Cooke Aquaculture’s Stewart Rendall (left) and Dean Shearer (right)

Working in partnership with Norwegian sustainability leaders Fjord Maritime, who developed the hybrid technology, Cooke reduced fuel usage and generator running time.

Steve Burns, Managing Director for Fjord Maritime UK, said: “To invest and upgrade existing barges with green technology that optimise energy production, reduces fuel consumption, reduce noise pollution and reduce GHGs, is sustainability in every way. It shows that Cooke continue their sustainability commitment, improving quality, energy optimisation and environmental performance.”

In 2019, Cooke initiated a review of barge power as part of its ISO 14001 environmental management objectives to explore alternative sources of power supply to the company’s seawater sites in Orkney and Shetland.

The hybrid system was deployed at both Cooke’s Vestness and Mill Bay sites in Orkney by Inverness-based aquaculture supply company Gael Force Group.
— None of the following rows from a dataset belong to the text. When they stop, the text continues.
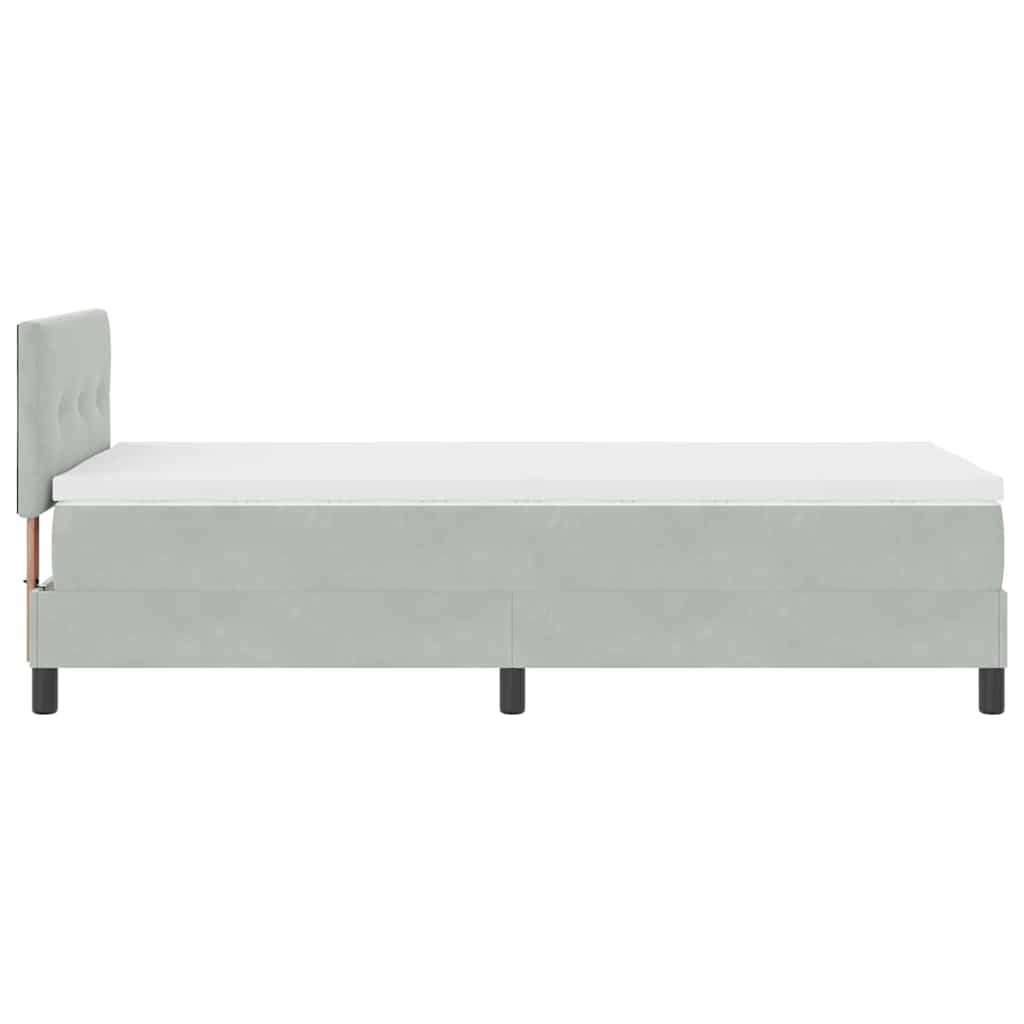 Boxrugós ágy fejtámlával Világosszürke 80 x 200 cm Bársony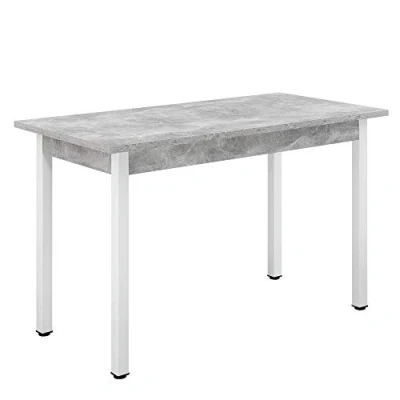 Afbeelding van Eettafel Den Haag 120x60x75 cm betonkleurig en wit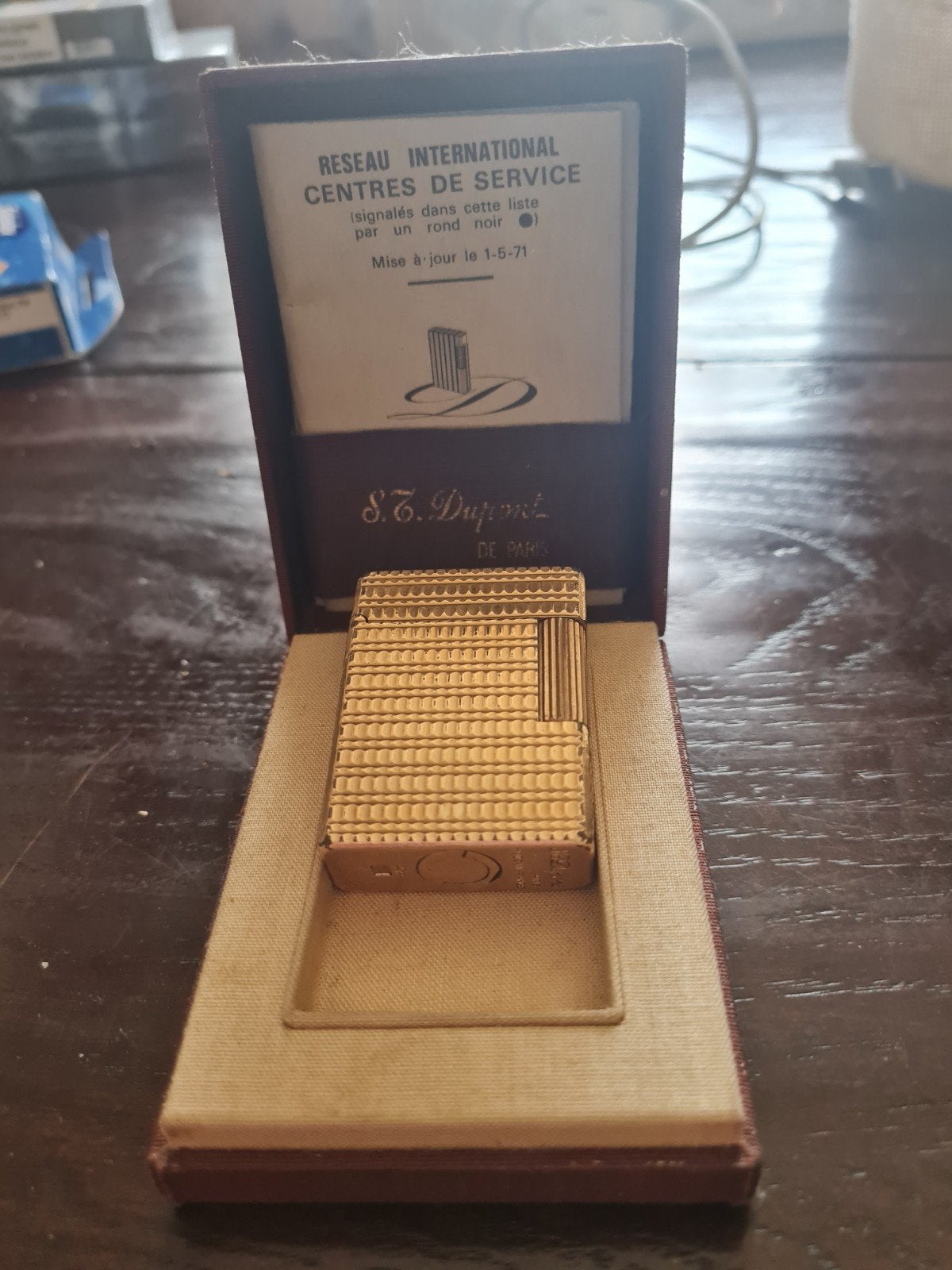S.T.Dupont vergulde aansteker met originele doos en papieren, Ophalen of Verzenden, Gebruikt, Aansteker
Jamie Young, Sales Director at Gael Force Group, commented: “Working in partnership with the team at Cooke, we are very aware of the significance of environmental sustainability to their operations and in the way in which they care for their livestock. Having the capability to retrospectively install hybrid power solutions across our range of concrete and steel feeding barges, like we have done on this occasion, goes a long way to helping fish farmers achieve their aims towards further carbon footprint reduction.”